Tuning and Metrics

Two concerns share this page because they share one vocabulary: batches, retries, pools, counters. Use it after the job works, when you need it to be faster or more visible.

Batch size

batchSize (default 1000) controls how many rows PGStyx buffers before it flushes them to PostgreSQL.

Larger batches trade memory for fewer round trips. Typical tuning range is 500 to 5000. Above that, returns usually flatten while per-task memory pressure rises.

df.write
  .format("pgstyx")
  .option("batchSize", "5000")
  // ...
  .save()

Connection pool

The pool settings determine how many database connections PGStyx can hold and how long idle connections stay around.

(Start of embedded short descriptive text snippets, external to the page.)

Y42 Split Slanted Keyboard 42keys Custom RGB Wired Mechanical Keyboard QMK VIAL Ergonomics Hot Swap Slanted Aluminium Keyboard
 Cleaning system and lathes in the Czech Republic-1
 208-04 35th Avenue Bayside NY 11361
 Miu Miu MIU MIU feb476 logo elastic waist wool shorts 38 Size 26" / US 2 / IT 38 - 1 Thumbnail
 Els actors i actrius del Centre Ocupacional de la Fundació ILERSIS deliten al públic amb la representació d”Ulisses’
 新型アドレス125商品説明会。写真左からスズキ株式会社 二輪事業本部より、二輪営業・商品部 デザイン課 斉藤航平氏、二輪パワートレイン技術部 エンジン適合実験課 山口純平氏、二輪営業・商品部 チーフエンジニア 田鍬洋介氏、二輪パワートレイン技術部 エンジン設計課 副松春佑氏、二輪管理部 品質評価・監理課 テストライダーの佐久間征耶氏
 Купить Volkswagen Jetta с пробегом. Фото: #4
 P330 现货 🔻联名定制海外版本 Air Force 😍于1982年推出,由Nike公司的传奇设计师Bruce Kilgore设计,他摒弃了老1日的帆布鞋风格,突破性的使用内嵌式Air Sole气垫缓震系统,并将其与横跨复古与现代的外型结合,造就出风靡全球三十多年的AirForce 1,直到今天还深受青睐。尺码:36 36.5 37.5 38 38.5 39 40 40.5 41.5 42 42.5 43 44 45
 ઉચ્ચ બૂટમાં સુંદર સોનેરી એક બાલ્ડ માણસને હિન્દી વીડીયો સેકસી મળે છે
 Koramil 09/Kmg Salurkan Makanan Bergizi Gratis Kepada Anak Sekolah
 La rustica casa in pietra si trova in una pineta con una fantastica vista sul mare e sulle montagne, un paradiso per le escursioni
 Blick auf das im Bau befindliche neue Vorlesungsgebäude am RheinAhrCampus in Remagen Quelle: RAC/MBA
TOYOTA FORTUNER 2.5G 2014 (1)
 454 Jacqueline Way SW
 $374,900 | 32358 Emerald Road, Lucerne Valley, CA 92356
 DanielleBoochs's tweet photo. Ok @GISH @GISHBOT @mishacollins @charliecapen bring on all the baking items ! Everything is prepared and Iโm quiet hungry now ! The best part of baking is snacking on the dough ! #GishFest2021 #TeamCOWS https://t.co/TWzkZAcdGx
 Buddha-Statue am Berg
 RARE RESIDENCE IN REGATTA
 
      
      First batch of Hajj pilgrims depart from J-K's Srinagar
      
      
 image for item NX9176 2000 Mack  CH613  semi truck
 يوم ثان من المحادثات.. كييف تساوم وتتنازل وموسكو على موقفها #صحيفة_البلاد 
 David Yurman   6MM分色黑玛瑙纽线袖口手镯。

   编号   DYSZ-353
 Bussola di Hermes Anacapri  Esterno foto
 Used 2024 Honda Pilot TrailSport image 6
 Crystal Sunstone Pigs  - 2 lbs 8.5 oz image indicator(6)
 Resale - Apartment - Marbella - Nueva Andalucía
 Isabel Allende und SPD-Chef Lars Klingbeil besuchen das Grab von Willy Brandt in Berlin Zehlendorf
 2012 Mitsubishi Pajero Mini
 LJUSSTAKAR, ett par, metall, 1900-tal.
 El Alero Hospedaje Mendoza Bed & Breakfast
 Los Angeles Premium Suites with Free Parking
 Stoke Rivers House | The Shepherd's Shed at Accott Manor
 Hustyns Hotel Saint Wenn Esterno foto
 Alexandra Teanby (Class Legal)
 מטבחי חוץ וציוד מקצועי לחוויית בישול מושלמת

That matters for capacity planning:

maxPoolSize defaults to spark.executor.cores when Spark provides it, or 2 otherwise. High core counts can become high connection counts quickly.

Option	Default	Notes
`maxPoolSize`	`spark.executor.cores` (fallback: `2`)	Hard ceiling on concurrent connections per active Spark process
`minIdle`	`0`	Warm connections kept open
`connectionTimeout`	`30000` ms	How long a task waits for a connection before failing
`idleTimeout`	`30000` ms	When idle connections close
`maxLifetime`	`1800000` ms	When a connection is retired and replaced

All five pool options are available on every plan.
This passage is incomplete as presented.